Place de l'environnement
Tous les architectes clament haut et fort que toute nouvelle construction doit
parfaitement s'intégrer à son environnement. Les zones de développement de
l'hôtellerie sont aujourd'hui des zones d'activités de pointe, souvent d'architecture
moderne. "Il me semblerait anachronique de réaliser un hôtel de charme, dans un
bâtiment au style ancien, à Orly ou à Roissy", évoque l'architecte. Eviter la
décoration clinquante, intégrer toute nouvelle construction dans le paysage actuel sont
des aspects véritablement pris en compte aujourd'hui. Ce n'était pas le cas il y a une
vingtaine d'année à l'époque de la construction des premiers hôtels de chaîne.
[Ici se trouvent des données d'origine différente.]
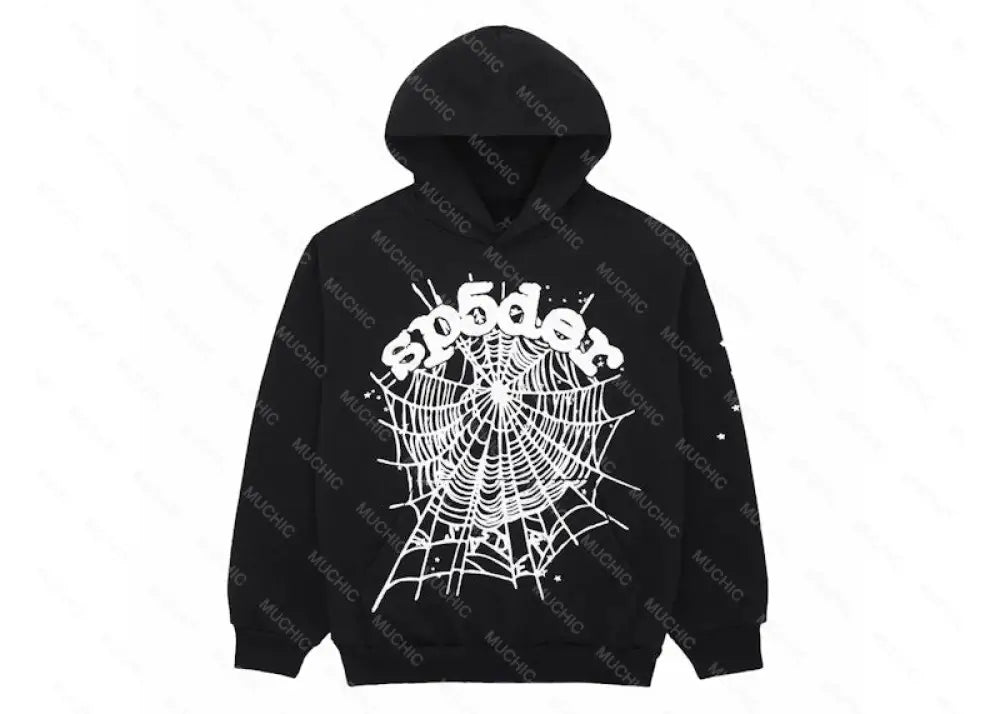 Muchic Fashion Unisex Spider Web Print Long Sleeve Hooded Sweatshirt Black / S Hoodies-Sweatshirts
Mais,
il est bien sûr inconcevable de raser complètement tous ces établissements sous
prétexte qu'ils ne sont plus conformes aux tendances et aux goûts actuels. Lors des
rénovations, le plaquage de nouveaux matériaux en façades permet parfois d'apporter un
peu plus de chaleur aux bâtiments existants. Mais ce sont surtout les abords de l'hôtel
qui ont été repensés pour répondre au besoin de nature et d'authenticité des clients
: des espaces verts ont été créés, les parkings ont été remodelés... "Un
réel effort a été fourni avec Première Classe par des effets de volume avec l'escalier
extérieur, des effets de bois avec la toiture, etc., en limitant les coûts au maximum",
souligne Daniel Barrè du groupe Envergure.
Mieux communiquer
Mais ces améliorations ne sont pas véritablement perçues par les consommateurs. C'est
bien là que le bât blesse : malgré tout, l'image triste, impersonnelle demeure du fait
de la structure originelle. Image renforcée par l'utilisation des matériaux comme le
verre, le béton ou l'acier, beaucoup moins chaleureux que le bois ou la pierre, mais
beaucoup moins chers aussi ! De plus, les hôtels de chaîne sont toujours perçus comme
normés, faisant référence à une architecture standardisée, alors qu'il n'en est plus
ainsi. Pourtant ces dernières années, des efforts ont été consentis afin d'améliorer
cette tendance au clonage. "Avec l'impact des CDEC, on ne construit plus en
série, mais au coup par coup. Les projets sont beaucoup plus atypiques", confie
Daniel Barrè. Certaines chaînes, comme Mercure ou Libertel, ont même laissé introduire
des hôtels d'architecture traditionnelle pour former un parc très diversifié. Une
communication plus efficace sur ces points semble nécessaire. Car il n'empêche que les
réflexions des clients d'hôtels du type "à qui ces hôtels peuvent-ils bien
plaire ?" sont encore légion. Certains clients refusent aujourd'hui encore de
fréquenter certains hôtels parce que leur aspect extérieur les décourage à y
réserver une chambre. Le fossé entre le discours technique des concepteurs, celui
économique des promoteurs et les attentes esthétiques des clients reste infranchissable
par manque de dialogue. Mais la tendance veut que l'on associe de plus en plus ces aspects
pour concevoir l'hôtel idéal, qui ressemblera un peu plus à un hôtel.